Can LLMs understand?

Can LLMs understand?

I've been having discussions with a lot of skeptics of LLMs and their recent achievements. I am curious to hear what people on this forum think about the topic.

My general argument is this: there is only one way to prove that an LLM truly understands anything. To be provide it a set of complex difficult questions that it has never seen before, and see if it is able to answer them correctly.

If an LLM is able to take in set of new questions it's never seen before and arrive at the answer, then for all intents and purposes it must be able to understand at least in the domain of the questions.

The two main arguments I hear back are:

1. There is no such thing as a "new" question. Every question we test it on is just a variation of some question that already exists on the internet and therefore the LLM is just using "statistics" to parrot an answer to something it's already seen before.

I don't think this argument holds much weight, because there are many types of questions that can't be simply inferred with past answers.
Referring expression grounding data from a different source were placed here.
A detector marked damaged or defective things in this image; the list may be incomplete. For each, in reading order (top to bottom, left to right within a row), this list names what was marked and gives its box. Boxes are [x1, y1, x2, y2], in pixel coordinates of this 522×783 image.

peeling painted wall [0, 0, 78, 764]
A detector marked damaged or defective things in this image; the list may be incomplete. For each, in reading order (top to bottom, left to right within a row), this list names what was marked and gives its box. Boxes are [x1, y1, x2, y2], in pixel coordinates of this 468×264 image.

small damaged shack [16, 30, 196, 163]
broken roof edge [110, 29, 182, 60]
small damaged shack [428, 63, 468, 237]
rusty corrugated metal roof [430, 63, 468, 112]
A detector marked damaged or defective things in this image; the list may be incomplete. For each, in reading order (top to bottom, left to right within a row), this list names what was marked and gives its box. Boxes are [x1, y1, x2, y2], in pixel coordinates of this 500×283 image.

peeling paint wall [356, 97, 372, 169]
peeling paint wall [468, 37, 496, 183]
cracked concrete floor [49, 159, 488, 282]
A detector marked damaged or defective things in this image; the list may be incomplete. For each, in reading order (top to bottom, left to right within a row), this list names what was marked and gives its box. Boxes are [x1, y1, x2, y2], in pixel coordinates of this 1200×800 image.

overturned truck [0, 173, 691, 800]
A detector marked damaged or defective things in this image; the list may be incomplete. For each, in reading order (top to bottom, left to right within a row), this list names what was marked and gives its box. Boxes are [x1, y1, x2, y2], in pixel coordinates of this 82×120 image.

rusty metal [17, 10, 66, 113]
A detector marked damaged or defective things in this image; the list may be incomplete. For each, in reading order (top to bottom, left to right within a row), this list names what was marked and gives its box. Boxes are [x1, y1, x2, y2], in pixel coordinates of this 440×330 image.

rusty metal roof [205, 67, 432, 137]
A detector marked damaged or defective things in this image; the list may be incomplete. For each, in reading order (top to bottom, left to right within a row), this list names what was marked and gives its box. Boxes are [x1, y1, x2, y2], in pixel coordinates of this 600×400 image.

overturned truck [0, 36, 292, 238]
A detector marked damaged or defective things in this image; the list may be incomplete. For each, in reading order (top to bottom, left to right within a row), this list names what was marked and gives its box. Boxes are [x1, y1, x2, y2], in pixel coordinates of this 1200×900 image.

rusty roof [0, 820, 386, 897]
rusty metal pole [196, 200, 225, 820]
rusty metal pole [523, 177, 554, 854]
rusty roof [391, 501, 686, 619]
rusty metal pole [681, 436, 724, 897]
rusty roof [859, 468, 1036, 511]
2. Even if an LLM could answer every new question perfectly, it still doesn't "understand" because that is a human concept and machines are doing something different.

I find this argument is lacking too. It is essentially circular logic. They define understanding as a human process and therefore no machine could ever understand unless we make them out of the same biological matter as humans.
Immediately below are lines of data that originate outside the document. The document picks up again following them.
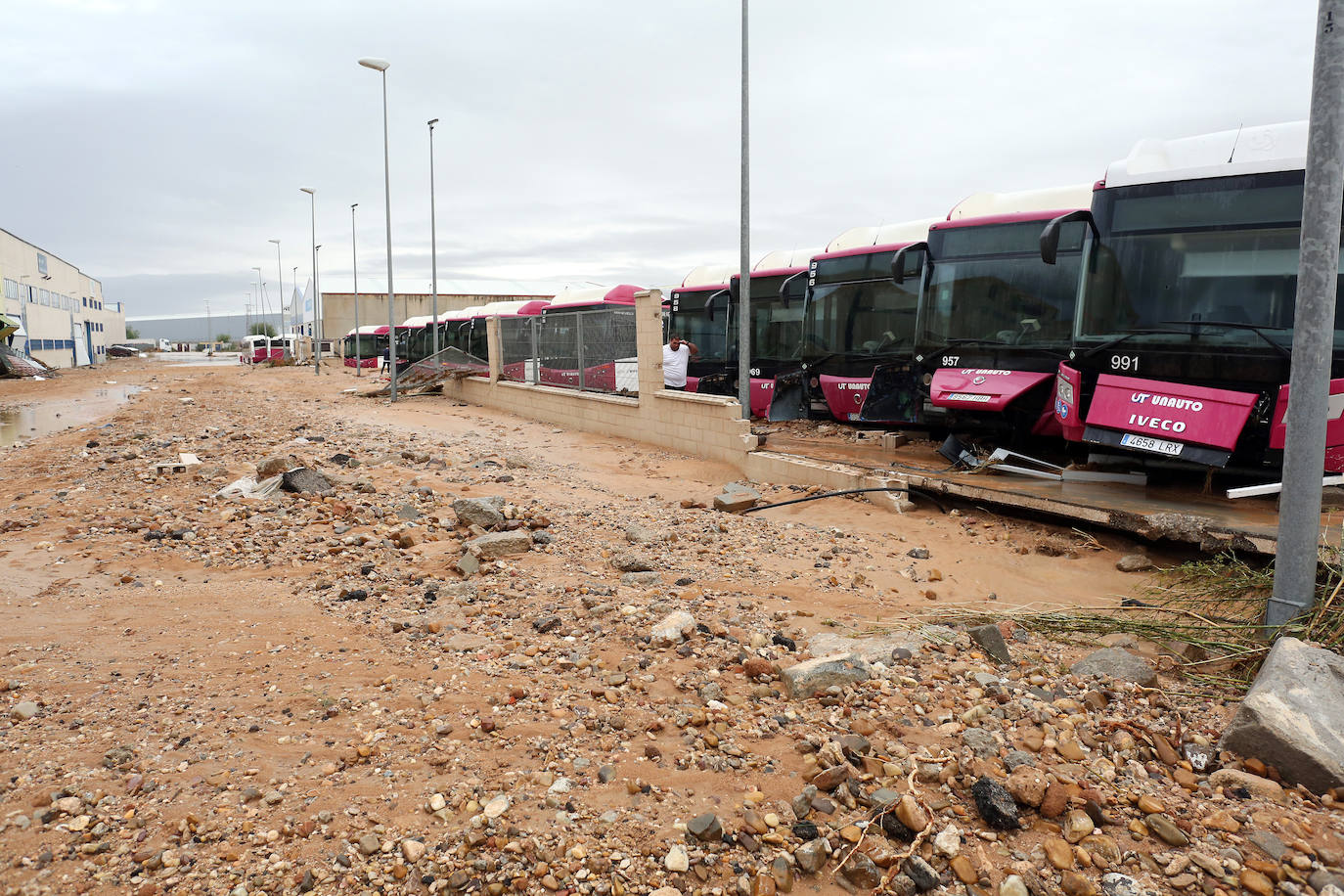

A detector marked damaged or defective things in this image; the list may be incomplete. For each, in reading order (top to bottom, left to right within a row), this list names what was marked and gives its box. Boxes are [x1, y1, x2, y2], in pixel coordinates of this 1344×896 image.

broken concrete slab [1220, 634, 1344, 795]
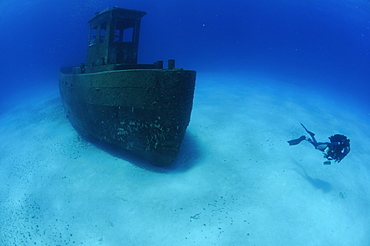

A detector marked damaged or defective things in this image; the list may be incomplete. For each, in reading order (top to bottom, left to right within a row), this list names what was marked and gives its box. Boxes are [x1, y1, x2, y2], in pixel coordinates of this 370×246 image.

rusted hull [59, 68, 195, 166]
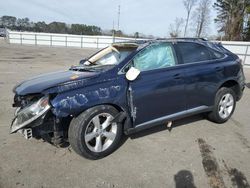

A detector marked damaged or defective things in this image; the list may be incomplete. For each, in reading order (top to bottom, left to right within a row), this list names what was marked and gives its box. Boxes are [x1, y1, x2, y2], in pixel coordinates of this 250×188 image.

crumpled hood [13, 70, 99, 95]
broken headlight [10, 95, 50, 134]
damaged front end [10, 94, 68, 145]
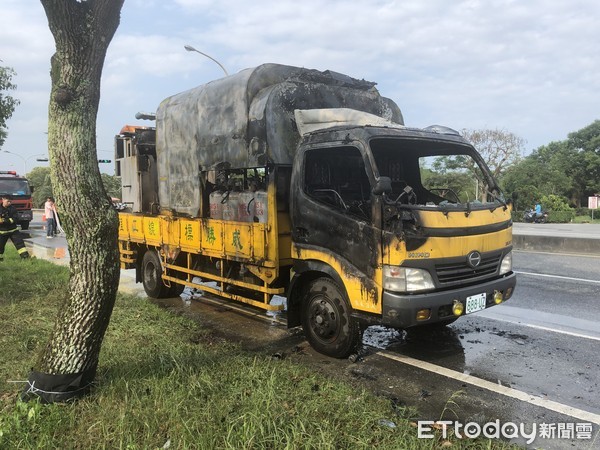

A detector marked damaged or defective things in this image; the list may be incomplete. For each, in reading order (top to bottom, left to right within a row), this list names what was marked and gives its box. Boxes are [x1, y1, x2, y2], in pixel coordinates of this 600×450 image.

charred truck roof [156, 63, 404, 216]
burned yellow truck [117, 63, 516, 358]
broken windshield [368, 136, 504, 210]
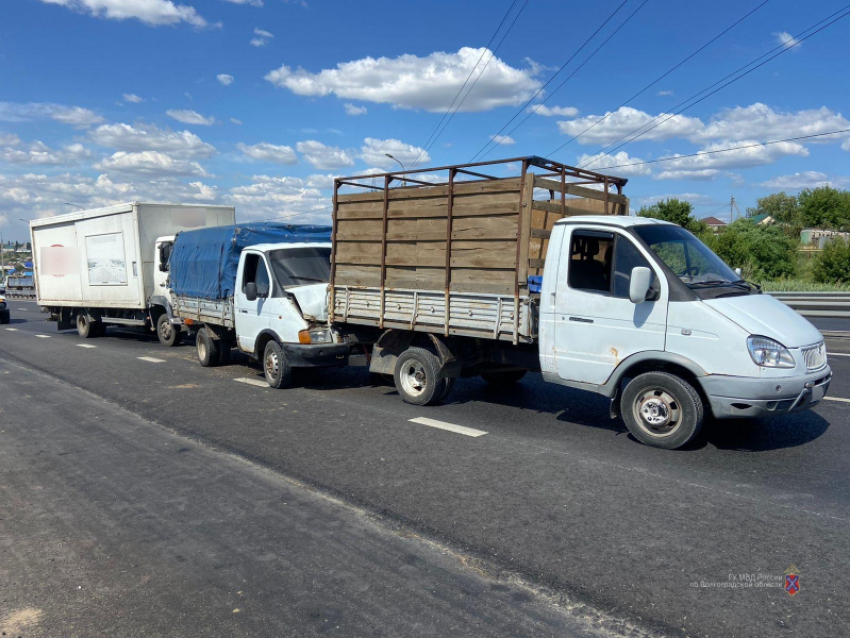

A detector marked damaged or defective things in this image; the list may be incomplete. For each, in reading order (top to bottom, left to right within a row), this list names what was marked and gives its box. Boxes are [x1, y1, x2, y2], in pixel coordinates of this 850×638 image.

crumpled hood [292, 286, 332, 324]
crumpled hood [704, 296, 820, 350]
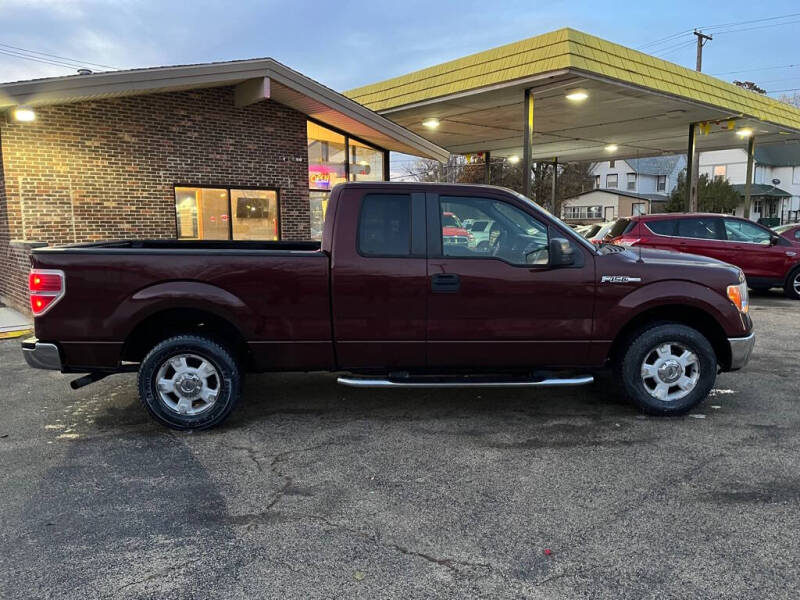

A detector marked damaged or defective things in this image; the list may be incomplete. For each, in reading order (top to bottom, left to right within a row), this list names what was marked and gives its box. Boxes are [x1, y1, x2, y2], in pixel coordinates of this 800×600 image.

cracked pavement [1, 290, 800, 596]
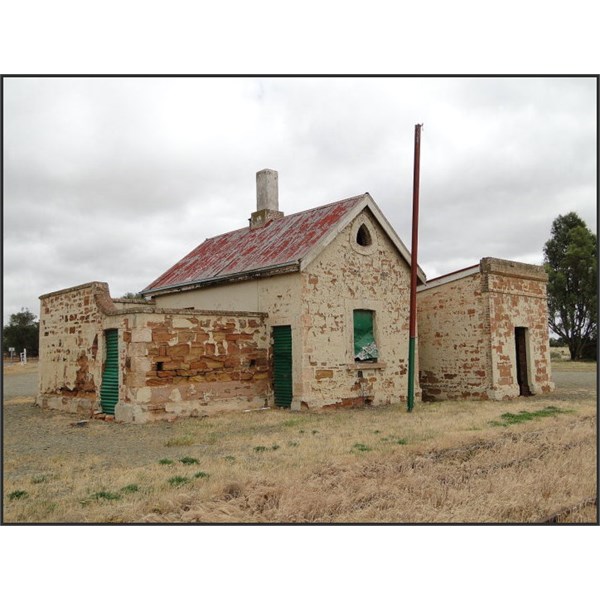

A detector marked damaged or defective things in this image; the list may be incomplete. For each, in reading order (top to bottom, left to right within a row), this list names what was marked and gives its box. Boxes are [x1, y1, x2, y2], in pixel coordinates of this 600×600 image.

rusty roof panel [144, 195, 366, 292]
broken window [354, 310, 378, 360]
Curious what others think here 😀

) 1 View 1
12 January 2025 at 01:41 PM
Reply...

16 Replies



"understand" is semantic cope mechanism and people will find it increasingly difficult to articulate uniqueness of human intelligence


YES... llm's understand otherwise they would not be able to function as large language models.

the issue is, if you are trying to assign an anthropomorphic views and understandings to inanimate objects, you already 'off the farm'... try and stick to the yellow brick road.


What does understand mean.


I may not fully understand the concept of a new question to premise an argument around. New answers seem little easier.


'Never seen before' is not a particularly high bar to pass. There are effectively infinite questions you could ask & its skill isn't in coming up with an answer once than then repeating that answer.

There are lots of realms in which LLMs seem to be able to simulate human understanding reasonably well. However, it can never understand the human experience beyond what it can read from us. And so much goes unsaid - doesn't need saying, in fact, certainly not in writing on the internet that's accessible to LLMs - that they cannot be said to understand much of the human experience. They think, for example, that most human speech is the speech they see in writing.

A useful test of understanding is whether you can teach that subject to someone else. The LLMs can do that well with maths and coding and research and all the other basic to complicated capabilities. They can be said to demonstrate effective understanding. But there is far more that they at least currently do not understand.


by MacOneDouble k

What does understand mean.

Can modify inputs and predict what different outputs you could get
Can explain or teach the concept to another
Can relate the concept to other concepts, perhaps chain it with another (such as we do with multi-stage maths problems whereby the first bit is pythagoras and then the next trigonometry)
Can understand where to use this concept rather than others

On which basis I think some LLMs do understand certain things.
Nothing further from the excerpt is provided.